Une fois de plus, soumettre les intuitions et les expériences au feu du langage. Les mots sont parfois pires que tout ou mieux que rien. Ils ne parlent pas toujours en leur nom. Ils demeurent des signes-miroirs dans lesquels nous projetons, du creux du soi, vues, interprétations, peurs et espoirs. C’est avec ça qu’on écrit et qu’on parle.

Ce texte rassemble des mots choisis et agencés pour parler de la pratique artistique de celle dont on dit que c’est moi. Je ne sais s’ils seront toujours vrais pour aborder ma recherche, mais pour le dire simplement, aujourd’hui, ils se trouvent où je suis. Cette recherche, je la pose comme étant à la fois intérieure et extérieure, spirituelle et artistique. Qu’il soit interne ou externe, l’atelier demeure un lieu intime de pratique et de réflexion (dans les deux sens du terme), un espace par lequel le travail de l’esprit rencontre, par frottement et répétition, celui du corps. Et c’est ainsi que le feu finit par y prendre. L’étymologie du mot atelier renvoie à un tas de morceaux de bois, et par extension, à la boutique de l’artisan. Ce soir, mes idées font les bras qui se penchent pour ramasser les fagots dans le grand champ de la conscience, le grand atelier. Et l’écriture, ah ! la belle créature ! Elle enfourne mes brassées de fagotins et y met de l’air, du souffle et telle une architecte, agence dans l’âtre les rondins à l’espace, la forme au vide. Le feu nécessite structure et attention.

Quand l’attisée crépite, quand le feu murmure ses premières ondes orangées, son travail est engagé.

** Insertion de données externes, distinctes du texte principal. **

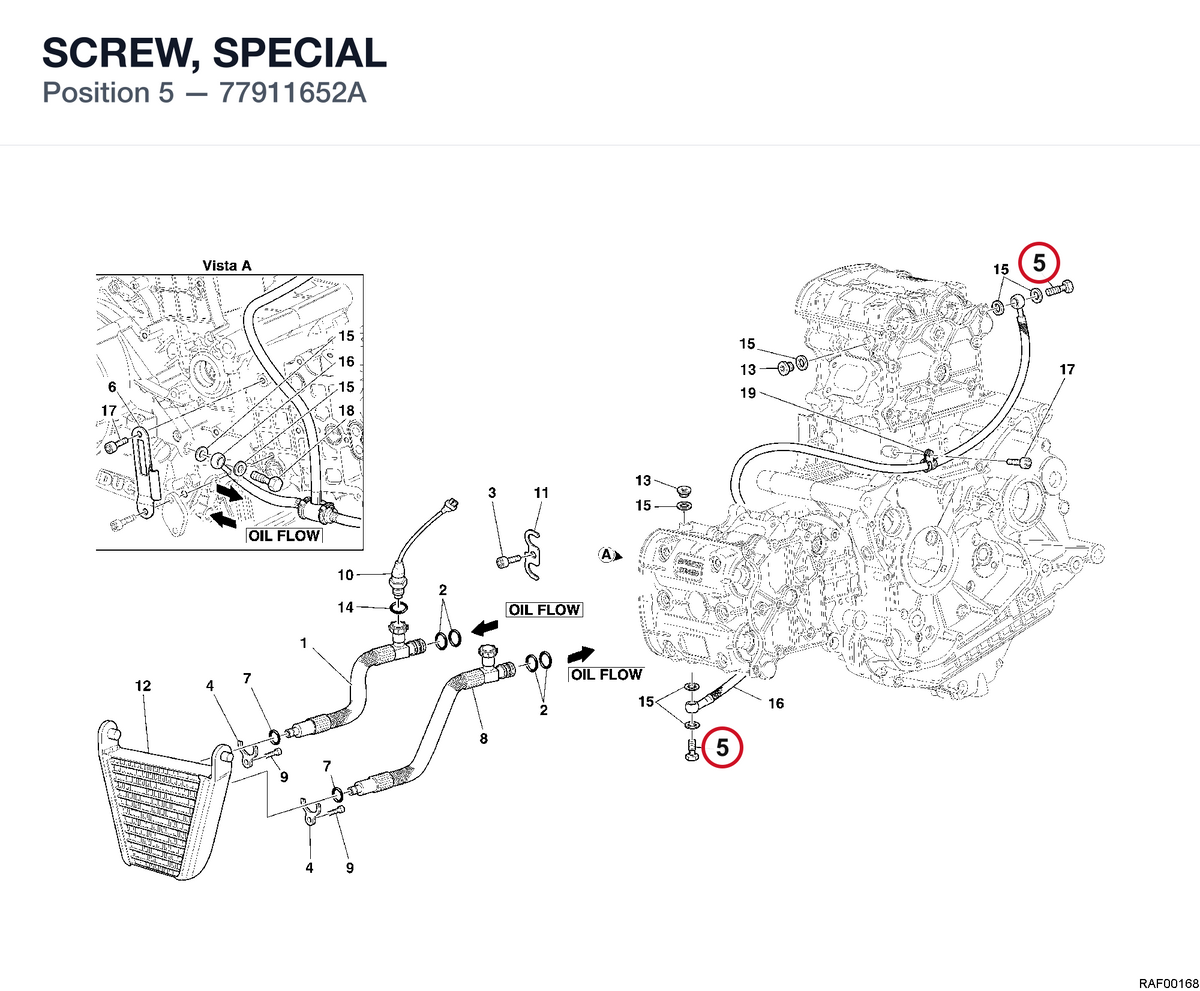 SCREW, SPECIAL 77911652A diagram position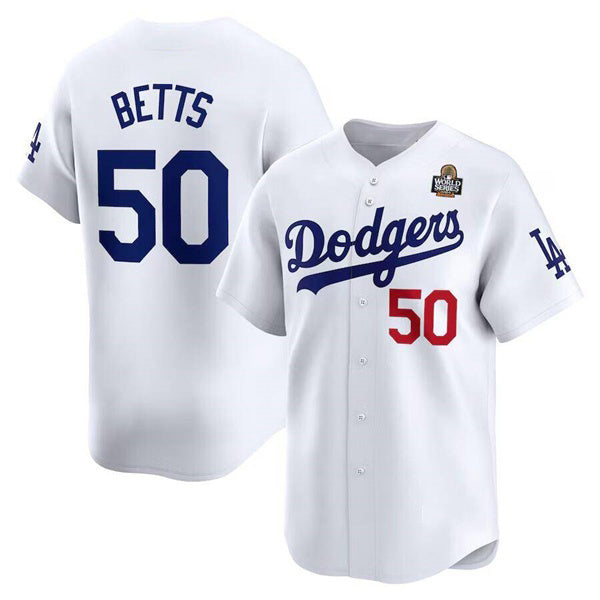 Los Angeles Dodgers #50 Mookie Betts White HOLBERT 2024 World Series Home Limited Cool Base Stitched Jersey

Je sais à ce moment que ce sera un bon feu. Et je sais aussi que lorsque c’est mal parti, on ne peut pas tout reprendre à zéro, sinon on se brûle. Il faut travailler avec ce qui est là. La maïeutique de l’écriture fonctionne de même. Le dessin fonctionne de même. L’installation fonctionne de même. La performance fonctionne de même.

Voilà. C’est parti. J’écris. Il me fallait mentionner leur manière d’advenir en moi pour que les mots se pointent sur la langue de mon esprit. C’est ce que je nomme pratique in spiritu. Ils m’ont maintenant en eux. Faudra en retrancher plusieurs en cours de processus. Mais avant de prétendre au résultat, quand il faudra qu’on pousse, on poussera, quand il faudra renoncer, on renoncera, quand il faudra laisser venir, on laissera venir. Et pour savoir ce qu’il faudra faire et quand, j’aurai le feu à l’oeil et le coeur dedans.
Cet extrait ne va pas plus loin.